Victim of Identity Theft: A Case Study
Cameron Ifans was unlucky: he was a victim of identity theft not once but twice. Even so, his first experience didn’t prepare him for the scale of the theft the second time round.
The Lost Credit Card“Five years ago, I lost one of my credit cards. In fact, to be exact, I thought I’d simply mislaid it at home, and for more than a month I used one of my other cards.
“The statement for the lost card then arrived. I don’t normally check through my statements, but the amount owed took me by surprise. I studied the history of my expenditure, and immediately realised that someone masquerading as me had used my card on seven occasions in the last month. In total, he or she had spent more than two thousand pounds. This, of course, was before the advent of PIN numbers.
“ Although I rang the credit card company immediately, I had tremendous trouble getting them to accept that this was a case of fraud and identity theft. The company argued that I should have reported the loss of my card straightaway.
Ms X“The incident made me far more cautious about safeguarding my cards and checking my statements thoroughly every month. Nonetheless, I still wasn’t ready for my second, more recent encounter with identity theft.
“On this occasion, an investigation later revealed that the culprit, Ms X, was a disgruntled employee at my workplace. She took the financial details of a number of staff from the personnel files and blatantly used them for her own benefit. The total amount she fraudulently acquired in two months was over £100,000.
“Among other data, the personnel files held the bank account details, names, addresses, and signatures of every member of staff. Ms X had daily access to the files because she worked in human resources. Her motivation to commit fraud was the anger she felt when the company failed to promote her. She also had a boyfriend who turned out to be a full-time fraudster.
The Details of the Theft“I suppose I thought that if I ever suffered from identity theft again, it would be my credit card that would alert me to the problem. Ms X, however, left my credit card alone. Instead, the first I knew that something was wrong was when I received a copy of a mobile phone contract through the post.
“I must admit that I didn’t take this too seriously. I simply returned the contract to the company. Nonetheless, a few weeks later, I received the first bill. It was for calls and texts to the value of £220.00. It also said that the company was taking the money from my bank account in accordance with my direct debit instruction.
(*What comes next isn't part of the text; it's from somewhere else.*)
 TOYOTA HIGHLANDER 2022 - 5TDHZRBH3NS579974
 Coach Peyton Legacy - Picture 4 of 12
“As I discovered later, I should never have received the contract or the bill because Ms X had placed a redirect on my post. The redirect was faulty, however, which was probably just as well.
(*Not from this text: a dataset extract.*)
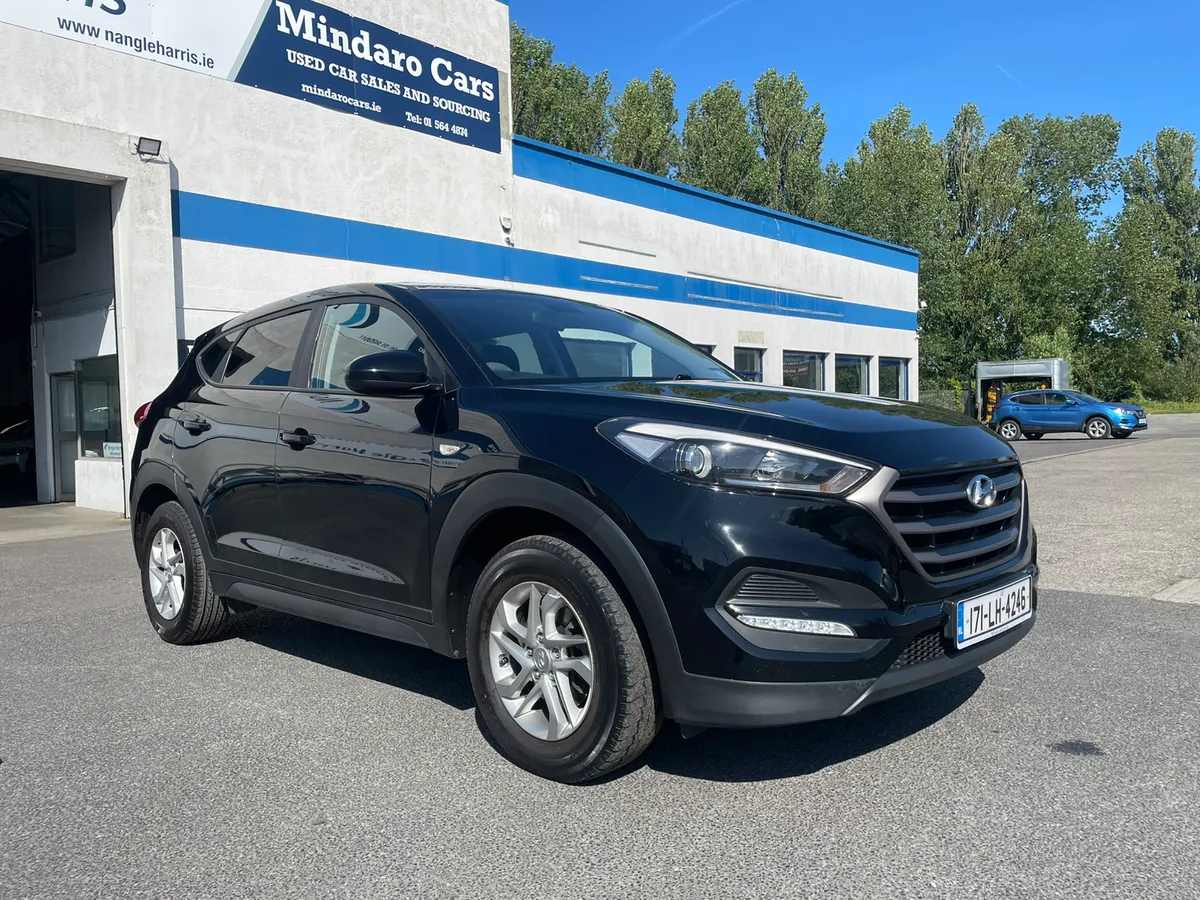 Hyundai Tucson 2017//LOW MILEAGE - Image 1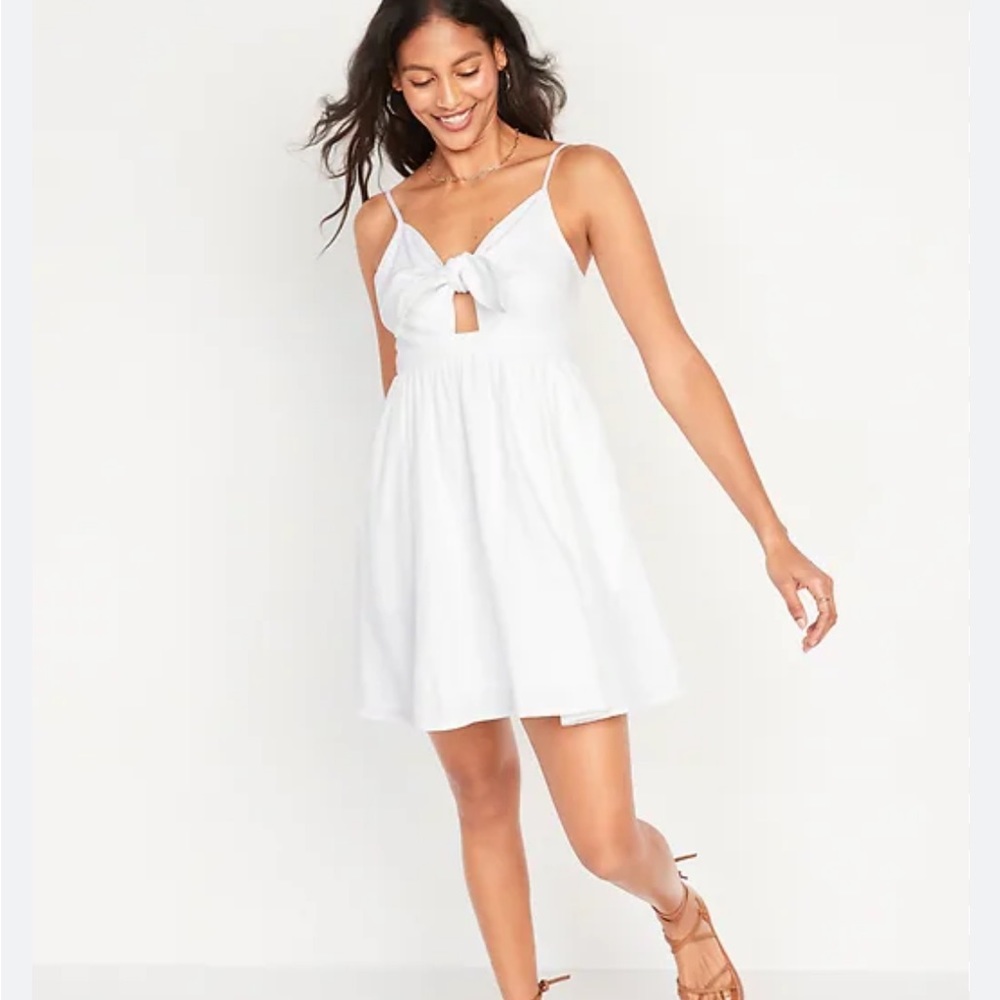 Old Navy Tie Front Dress in White Size L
“After receiving the bill, I went straight to my bank and asked for an up to date statement of my bank account. What I saw alarmed me. Not only was I applying for a mobile phone I didn’t own, unknown to me I had recently spent £3,000 using the Internet and exceeded my overdraft limit.
“I asked to see a manager at the bank. Within half an hour, I established that a man (Ms X’s boyfriend) pretending to be me had reported my debit card as lost and obtained a new one. He then used this to make the Internet purchases. The man also applied for - and received in a separate newly opened account - a personal loan from the bank of £15,000.
In Conclusion“The manager was helpful and contacted the police. The officer who took my statement suggested various ways in which identity theft occurs. One of these was the possibility that someone had accessed my file at work. I therefore spoke to my human resources section at the first opportunity.
“In turn, human resources spoke to the police. Even then, Ms X and her boyfriend might have got away with the fraud if they hadn’t been greedy. Ms X took the personal details of eight members of staff; as a result, it was relatively easy for the police to establish a common link once we all noticed irregularities with our bank accounts.
“When interviewed by the police along with other HR employees, Ms X confessed. She and her boyfriend ended up in prison. Fortunately, all eight affected staff, including myself, received our money back. Needless to say, I am now more vigilant than ever about my personal information and finances.”